What is expected – Would you copy, word for word, each line from the one with "Loloda Unisex Kids" to the end of the listing below, skipping all pictures?

Given material –
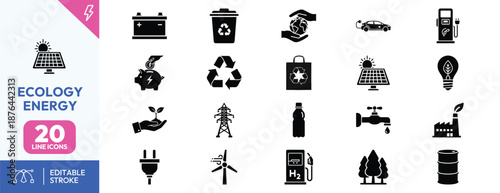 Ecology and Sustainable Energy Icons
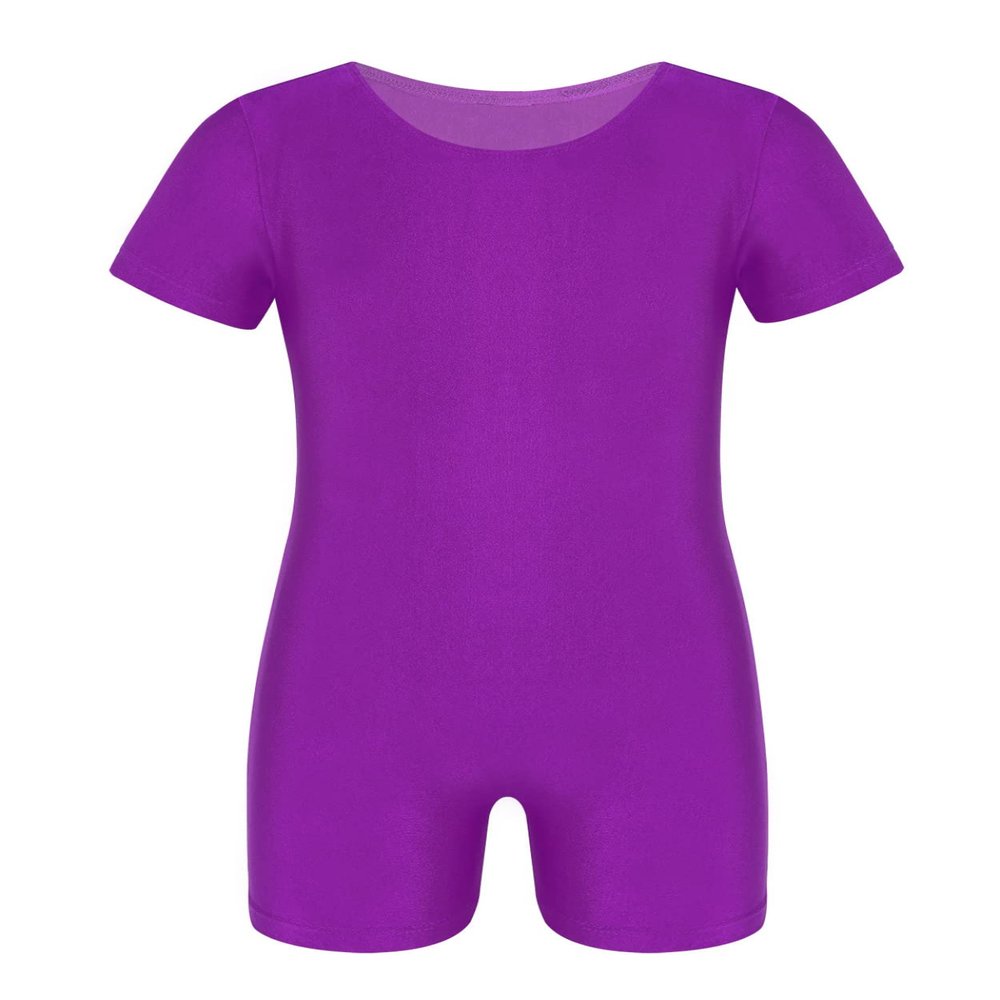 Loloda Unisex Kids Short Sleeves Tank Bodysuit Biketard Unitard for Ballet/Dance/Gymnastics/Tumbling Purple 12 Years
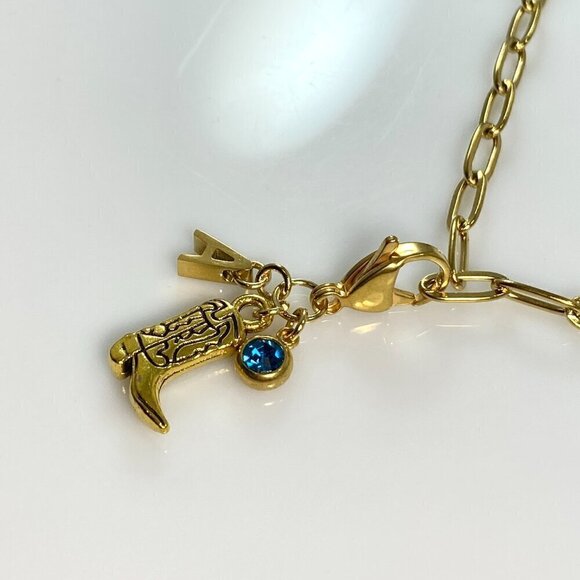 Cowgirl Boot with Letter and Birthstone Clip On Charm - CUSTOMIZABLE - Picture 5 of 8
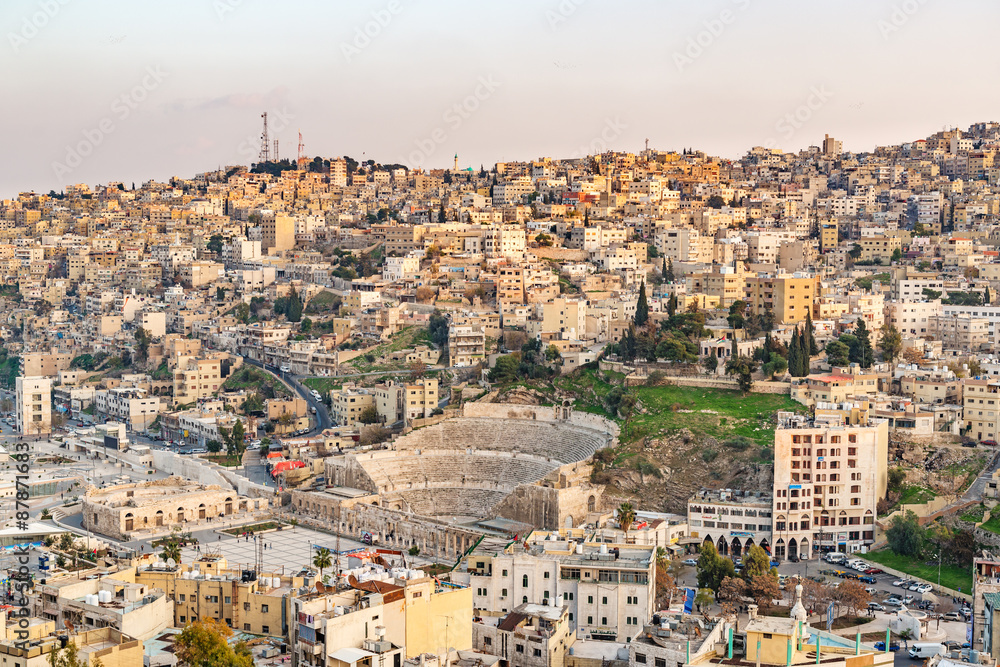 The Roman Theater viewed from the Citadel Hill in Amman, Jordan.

Task answer –
 Loloda Unisex Kids Short Sleeves Tank Bodysuit Biketard Unitard for Ballet/Dance/Gymnastics/Tumbling Purple 12 Years
 Cowgirl Boot with Letter and Birthstone Clip On Charm - CUSTOMIZABLE - Picture 5 of 8
 The Roman Theater viewed from the Citadel Hill in Amman, Jordan.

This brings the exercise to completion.